Data >>
=====
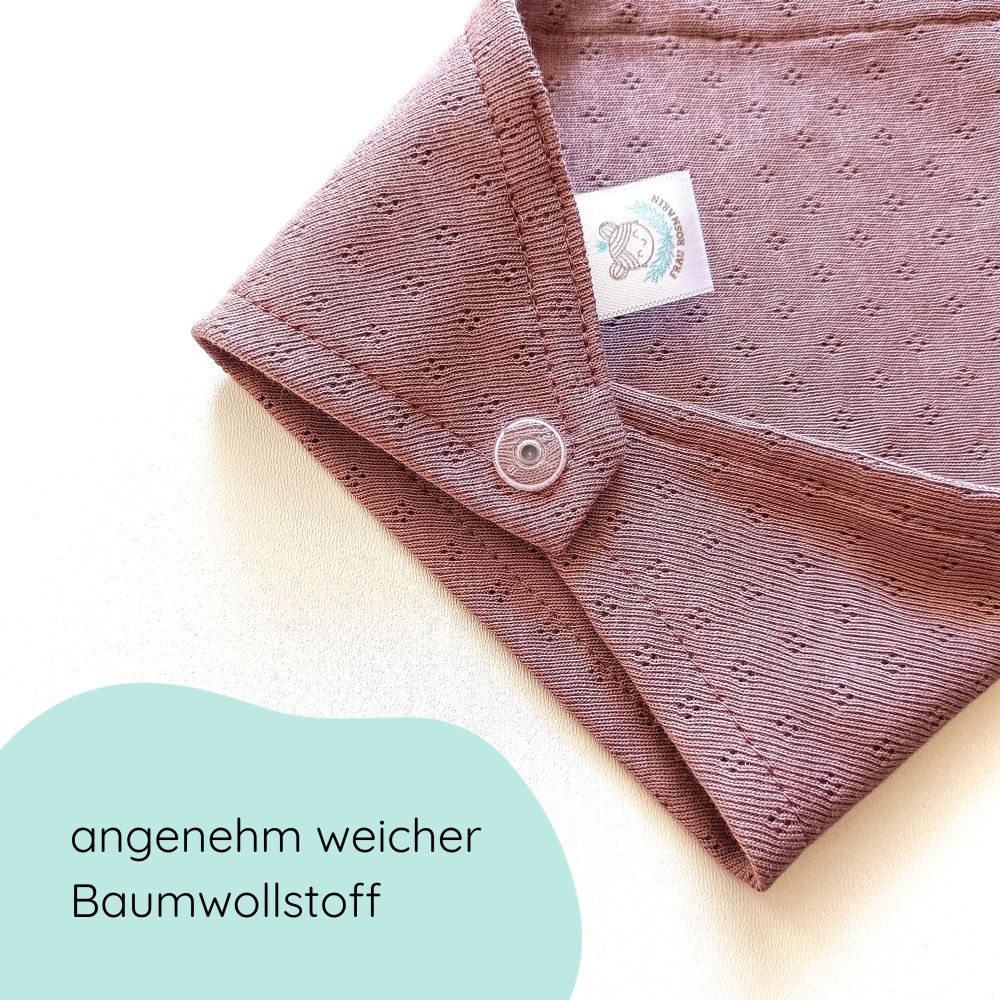 Detailbild Dreieckstuch aus weicher Baumwolle mit feinem Lochmuster und Druckknöpfen in mauve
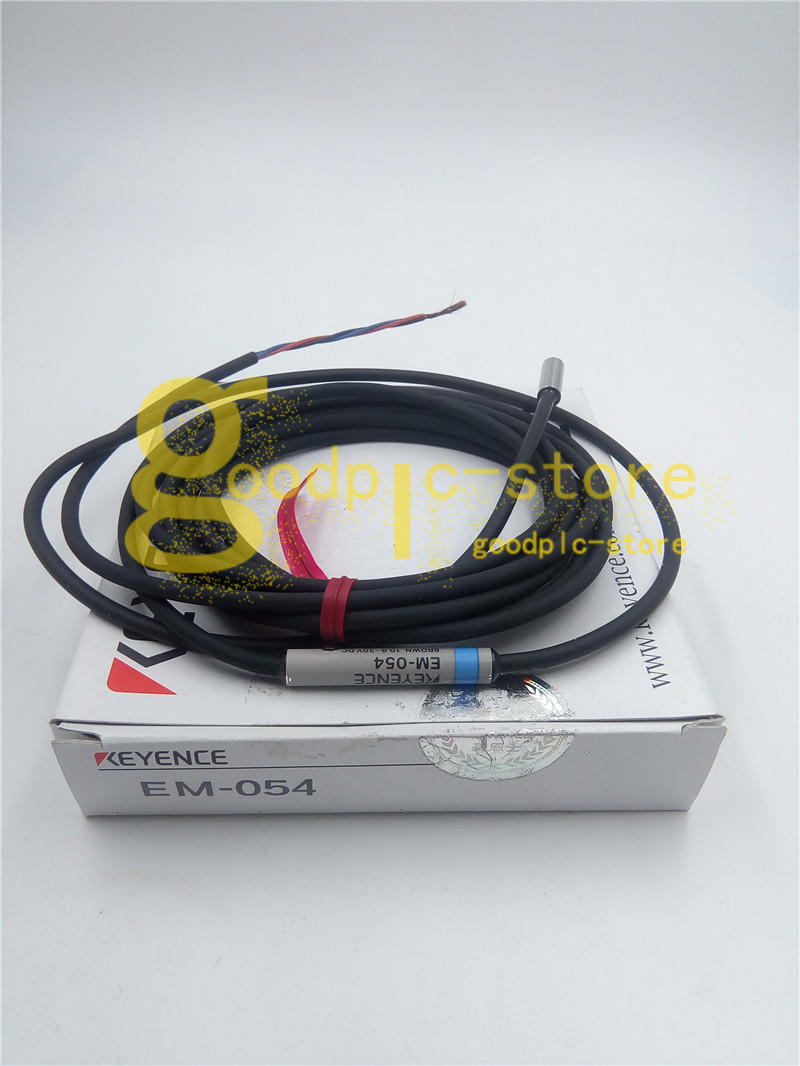 ONE Keyence EM-054 EM054 Proximity sensor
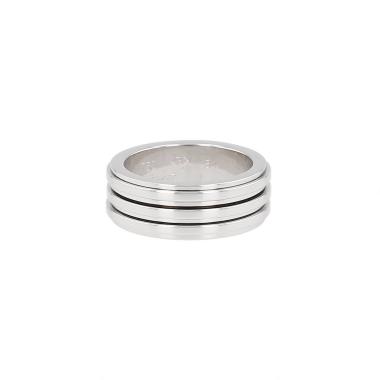 Twisted Piaget Possession ring in white gold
=====
Exercise details >> Transcribe word for word only the lines from the one with "ONE Keyence EM-054 EM054 Proximity sensor" through the end of the listing; every picture is to be omitted.

Answer box >>
 ONE Keyence EM-054 EM054 Proximity sensor
 Twisted Piaget Possession ring in white gold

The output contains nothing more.